Gary Steinbrunner, who runs a reforestation and wildlife services business, said he noticed the abundance of acorns while deer hunting last weekend with friends. He said he's never seen so many acorns.
"It sounded like rain there were so many acorns falling," Steinbrunner said this morning." When we were sitting around the campfire a couple of people got headaches," he said chuckling.
Acorns and other nuts are more abundant this year than anytime in recent memory, said Mike Reynolds, a forest wildlife biologist with the Ohio Department of Natural Resources Division of Forestry.

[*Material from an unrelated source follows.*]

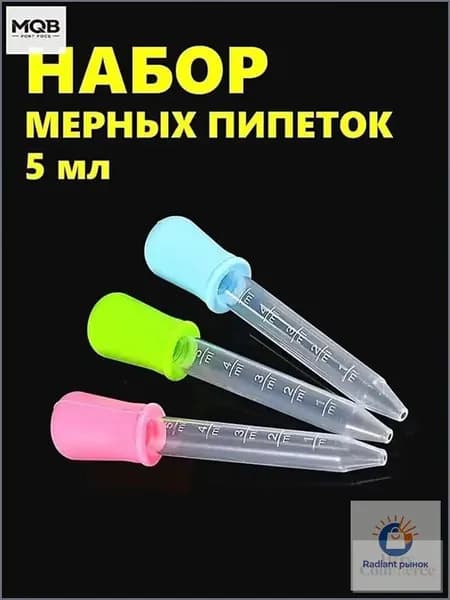 Набор мерных пипеток из 3-х штук по 5мл. Для творчества, садоводства и кулинарии. Цветные из пищевого пластика PP и силикона
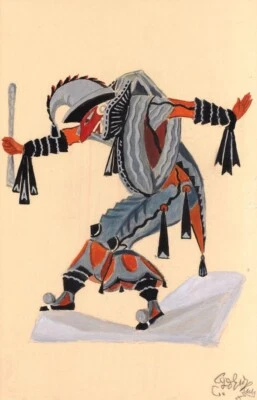 Jester Sergey Yurievich Sudeikin 1924 – Russian Avant-Garde Theatrical Art Print - Image 1 of 2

A large acorn crop leads to healthy wildlife populations because the nuts are high in energy and fat and provide a vital food source. Acorn production is cyclical with some trees producing acorns nearly every year while others rarely produce them, the release states. Based on the observation of selected oak trees in selected state wildlife areas, wildlife officials found that both white and red oak trees produced acorns throughout Ohio this year. The highest production was found in the southern half of the state.
An abundance of the mast crop, the term used for such food, presents a mixed bag for hunters. It can be good because they can expect to find deer, wild turkeys and squirrels feeding on acorns from chestnut oaks this fall.
But it also can be a hindrance for hunters because wildlife will be more spread out feeding on the large amount of food and less concentrated around farm fields.
Dan Balser, a forest health specialist with the Division of Forestry said there are many factors that contributed to the bumper crop of acorns this year, but the main ones include a large amount of rain in the spring, when oak trees do most of their growing and the lack of a major spring frost between April and May when oak trees flower. Flowering is necessary to produce acorns.
Balser said acorns are not consumed widely by humans today, but the Native Americans would boil the bitter-tasting tannin chemical out of the nuts and then grind them into flour. The Native Americans' main use for the nuts was to tan animal hides with, he said.